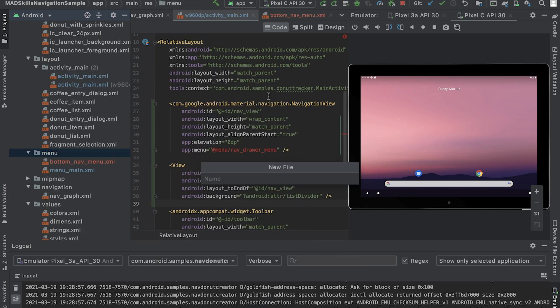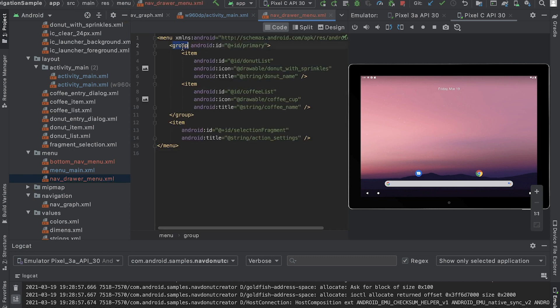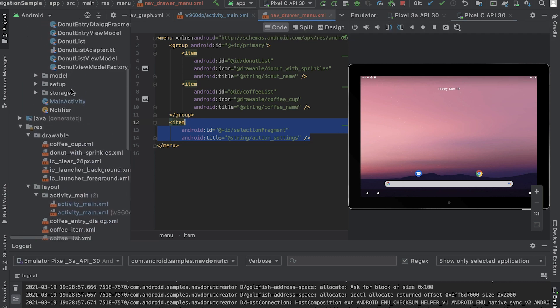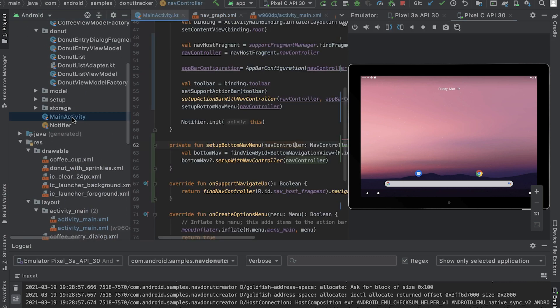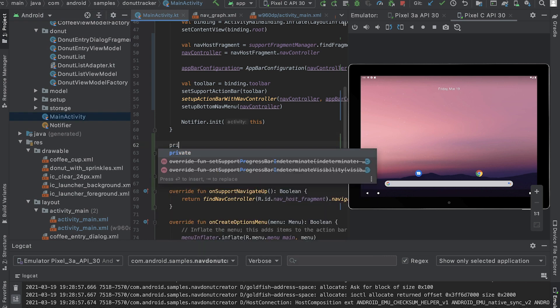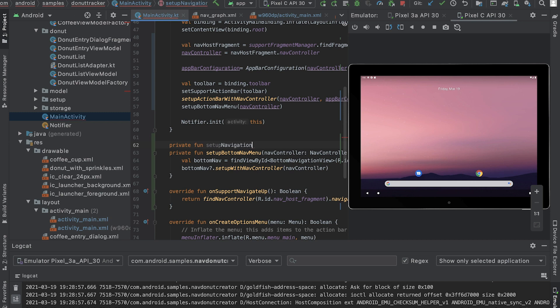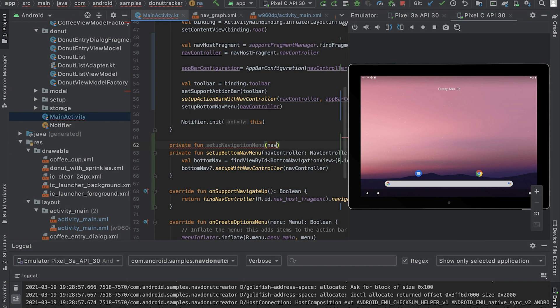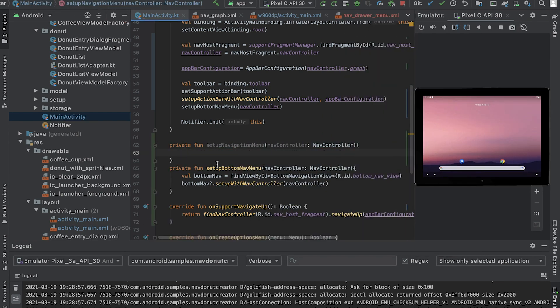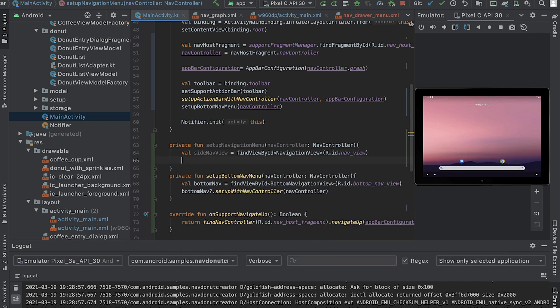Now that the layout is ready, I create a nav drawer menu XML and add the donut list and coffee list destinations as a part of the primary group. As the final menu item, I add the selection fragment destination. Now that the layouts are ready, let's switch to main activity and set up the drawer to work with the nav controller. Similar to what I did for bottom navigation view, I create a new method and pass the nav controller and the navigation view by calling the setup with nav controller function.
---
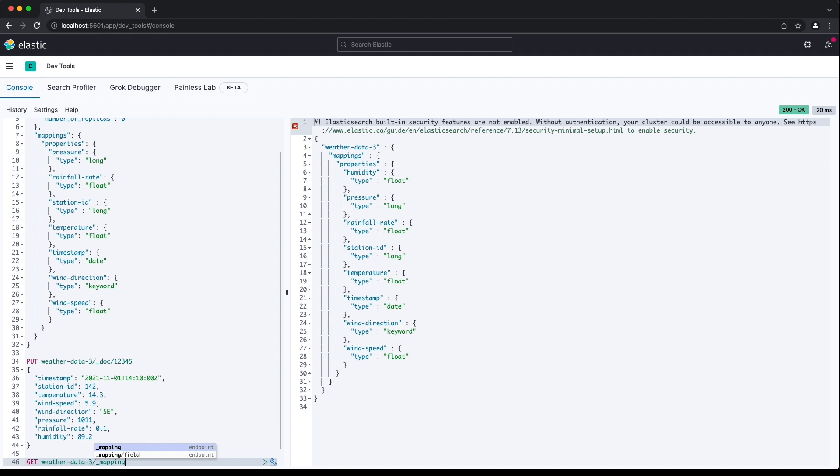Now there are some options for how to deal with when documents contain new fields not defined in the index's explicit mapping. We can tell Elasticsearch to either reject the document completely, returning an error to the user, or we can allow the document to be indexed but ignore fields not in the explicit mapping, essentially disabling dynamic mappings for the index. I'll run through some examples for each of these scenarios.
==
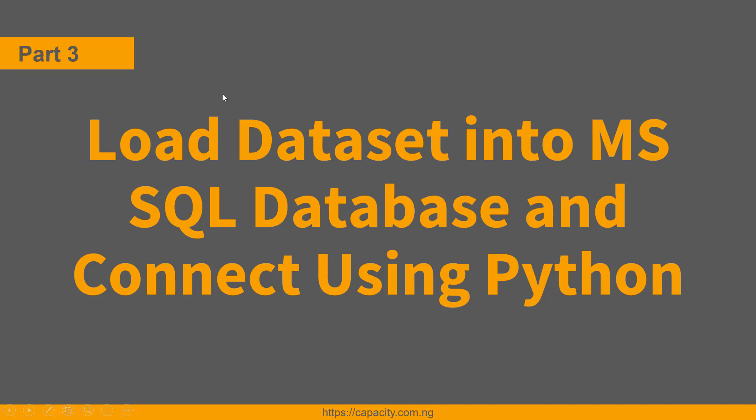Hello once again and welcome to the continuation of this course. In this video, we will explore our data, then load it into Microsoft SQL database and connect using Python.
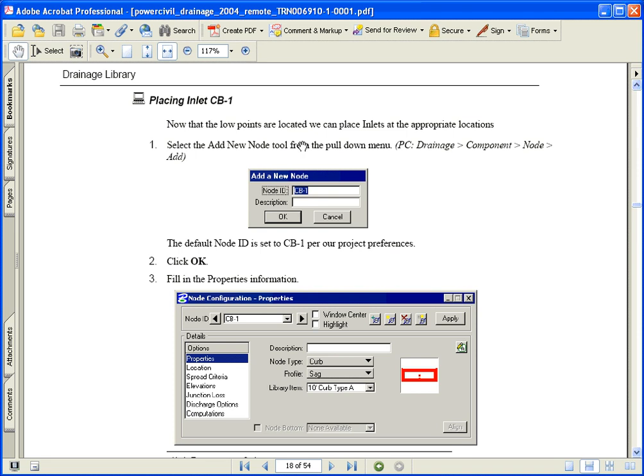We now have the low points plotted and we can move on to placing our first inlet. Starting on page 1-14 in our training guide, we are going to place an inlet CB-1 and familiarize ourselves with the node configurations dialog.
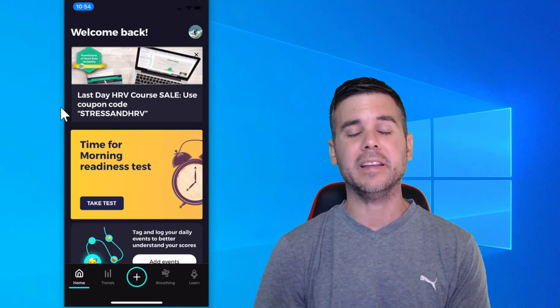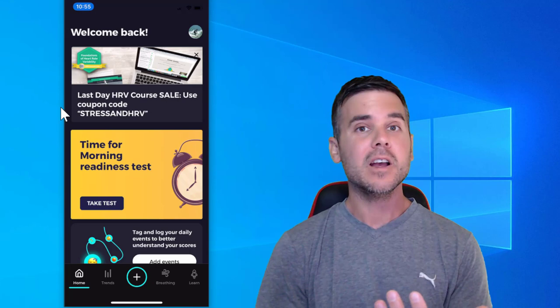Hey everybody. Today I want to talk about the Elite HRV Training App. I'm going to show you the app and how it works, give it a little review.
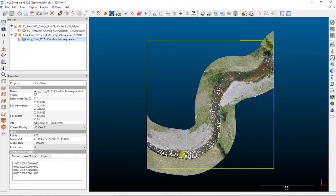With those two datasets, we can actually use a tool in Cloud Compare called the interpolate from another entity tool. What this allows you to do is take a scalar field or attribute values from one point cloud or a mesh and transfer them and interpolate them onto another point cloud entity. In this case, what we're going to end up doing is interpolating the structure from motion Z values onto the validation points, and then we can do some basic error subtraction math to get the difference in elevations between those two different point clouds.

■ **ASSIGNMENT**: Print exactly the lines above that run from the one with "We now have" to the one with "Hey everybody. Today", both included. No pictures.

■ **EXERCISE ANSWER**:
We now have the low points plotted and we can move on to placing our first inlet. Starting on page 1-14 in our training guide, we are going to place an inlet CB-1 and familiarize ourselves with the node configurations dialog.
Hey everybody. Today I want to talk about the Elite HRV Training App. I'm going to show you the app and how it works, give it a little review.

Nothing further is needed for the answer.